Mantan Ketua Mahkamah Konstitusi Anwar Usman mengangkat tangan seusai konferensi pers di Gedung MK, Jakarta, Rabu (8/11/2023).

KOMPAS/ADRYAN YOGA PARAMADWYA

Mantan Ketua Mahkamah Konstitusi Anwar Usman mengangkat tangan seusai konferensi pers di Gedung MK, Jakarta, Rabu (8/11/2023).

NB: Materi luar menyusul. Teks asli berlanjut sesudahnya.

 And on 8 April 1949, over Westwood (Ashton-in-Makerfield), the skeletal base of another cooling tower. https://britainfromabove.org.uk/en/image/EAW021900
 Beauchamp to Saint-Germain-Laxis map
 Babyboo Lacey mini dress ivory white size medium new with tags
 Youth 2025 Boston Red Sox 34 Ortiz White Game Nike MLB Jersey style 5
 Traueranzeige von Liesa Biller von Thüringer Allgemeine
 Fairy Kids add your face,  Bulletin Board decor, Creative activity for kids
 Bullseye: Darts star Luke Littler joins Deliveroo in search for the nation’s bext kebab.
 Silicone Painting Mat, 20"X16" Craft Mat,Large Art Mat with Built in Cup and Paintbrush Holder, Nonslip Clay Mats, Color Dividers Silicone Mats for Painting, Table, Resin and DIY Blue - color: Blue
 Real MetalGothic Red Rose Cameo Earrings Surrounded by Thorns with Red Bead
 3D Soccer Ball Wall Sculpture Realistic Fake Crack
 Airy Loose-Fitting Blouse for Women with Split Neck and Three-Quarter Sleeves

Dekan Fakultas Hukum Universitas Jember Bayu Dwi Anggono menilai, revisi keempat UU MK yang dilakukan DPR dan pemerintah problematik, baik dari aspek prosedural maupun substansinya. Sebab, revisi UU MK tidak masuk ke dalam 37 RUU Prolegnas Prioritas 2023 dan RUU daftar kumulatif terbuka.

Proses pembahasan RUU MK, kata Bayu, juga tidak memenuhi asas keterbukaan. Sejak awal, publik tidak bisa mendapatkan naskah akademik dan draf RUU MK untuk memberikan masukan. ”Jadi, terkesan sangat tertutup sekali. Bagaimana naskah akademik yang menjadi dasar dari justifikasi perlunya revisi tersebut. Kedua, pasal-pasal mana yang akan diubah,” kata Bayu.

Tak memenuhi keterbukaan

Kalaupun ada informasi, hal itu sebatas didapatkan dari keterangan lisan kepada media. Padahal, asas keterbukaan mensyaratkan mudahnya akses terhadap naskah akademik dan draf RUU yang paling akhir. ”Bukan draf yang pertama, tetapi draf yang sedang dibahas itu seharusnya dapat diakses dengan mudah. Itu bisa dilihat dalam Pasal 96 UU Nomor 13/2022 (tentang Pembentukan Peraturan Perundang-undangan),” ujar Bayu.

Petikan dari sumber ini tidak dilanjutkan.